ZIMBABWE’S annual rate of inflation shed 0,05 percentage points on the April figure to minus 2,70 percent in May, as a weaker rand, more competition and tighter manufacturing management maintain pressure on prices.
According to Zimbabwe National Statistics Agency prices decreased by an average of 2,70 percent between May 2014 and May 2015.
Zimbabwe uses a basket of currencies dominated by the US dollar, and the falling value of the Rand and some other currencies continues to make imports, especially from South Africa, cheaper for local retailers.
On average, Zimbabwe imports about 60 percent of basic products consumed in the country from South Africa.
The month-on-month rate of inflation in May 2015 came in at minus 0,19 percent gaining 0,70 percentage points on the April 2015 inflation rate of minus 0,89 percent.

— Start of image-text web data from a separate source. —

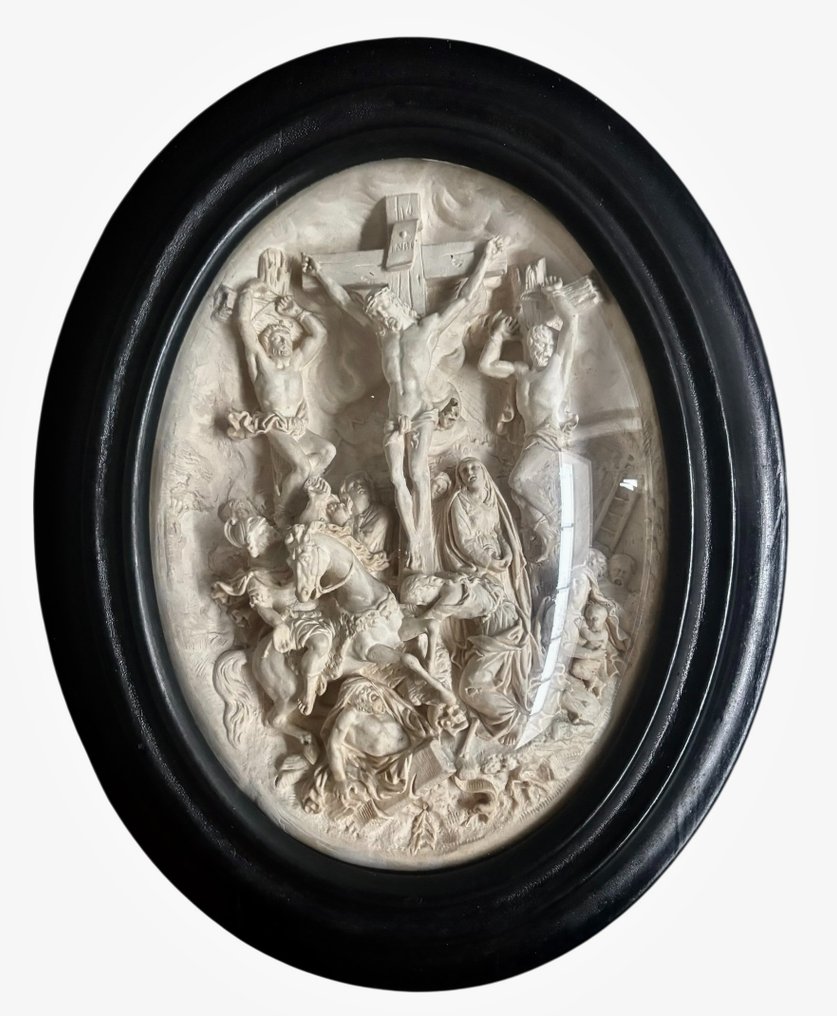 Placă - Golgotha - 43 cm - Spumă de mare #1.0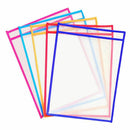 10x Transparent Pvc Reusable Dry Erase Pockets Storage Pockets 10pcs Pens M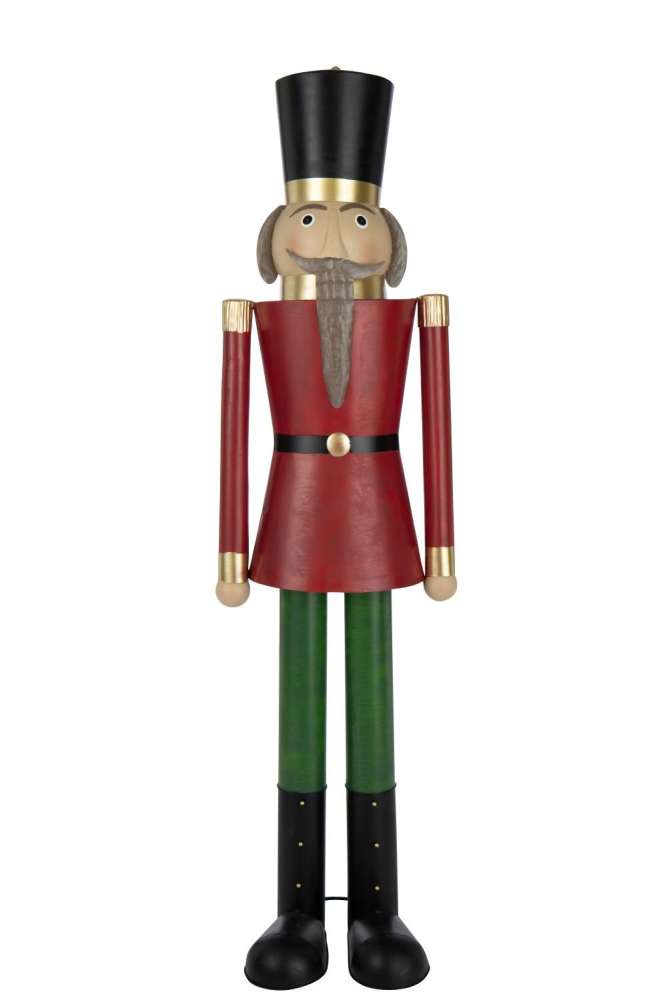 NUTCRACKER MOUSTACHE METAL MULTICOLORED LARGE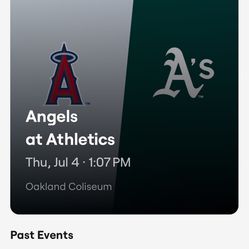 Tickets to Angels at Athletics - July 4th (Hawaiian Shirt Giveaway)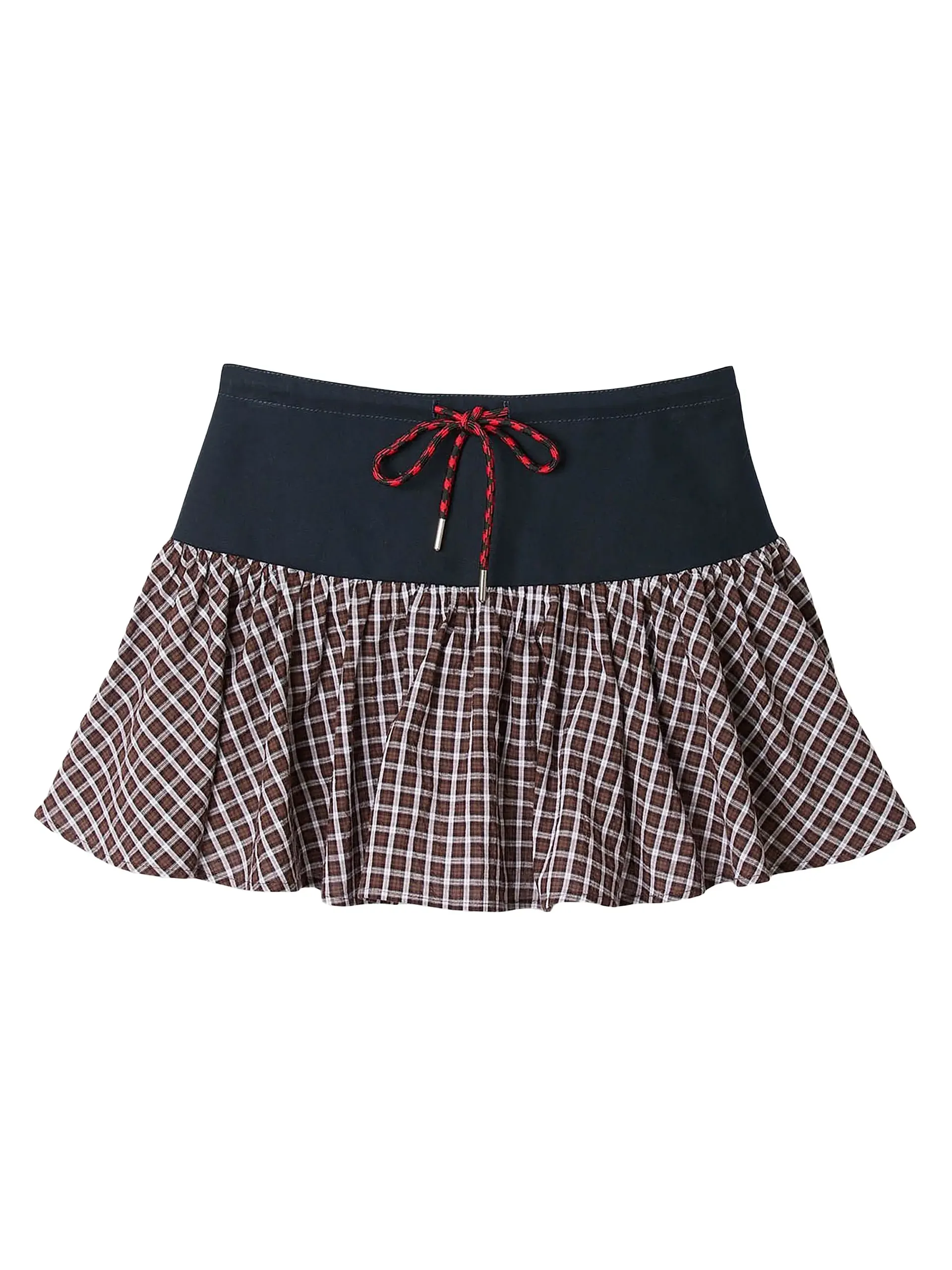 Checked Skort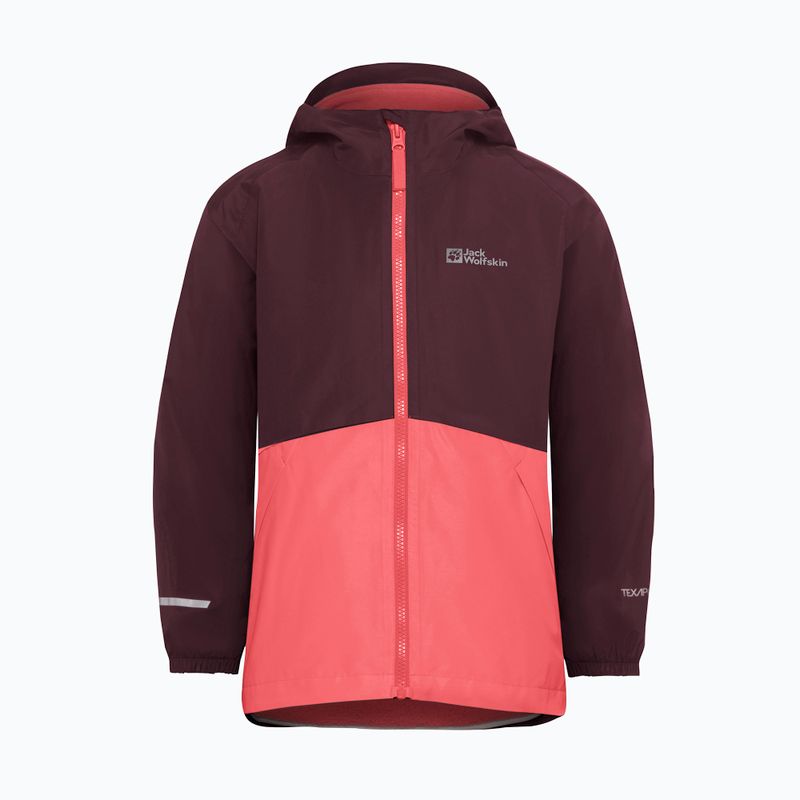 Vaikiška striukė 3in1 Jack Wolfskin Iceland 3IN1 sunset coral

Monthly inflation has in recent months kept a downward trend as manufacturers and retailers, are able to lower prices, including Innscor, Delta, Econet and Dairibord, to boost demand. The falling value of the rand has also made imports from South Africa cheaper in US dollar terms and the competition now in place forces retailers to pass the lower prices onto consumers.
Price reductions have been noted in such fast moving consumer goods as airtime, bread and beer.
It is now apparent that price adjustment is being driven by price re-alignment and not deflationary crisis. Better management and technology by successful manufacturers have lowered many prices.
It has long been argued that high prices in Zimbabwe under the strong US dollar would not be sustained for long in a country that has the freedom to import cheaper from the region.
According to the national statistical office, the year-on-year food and non-alcoholic beverages stood at minus 3,0 percent while the non-food inflation rate was minus 2,56 percent.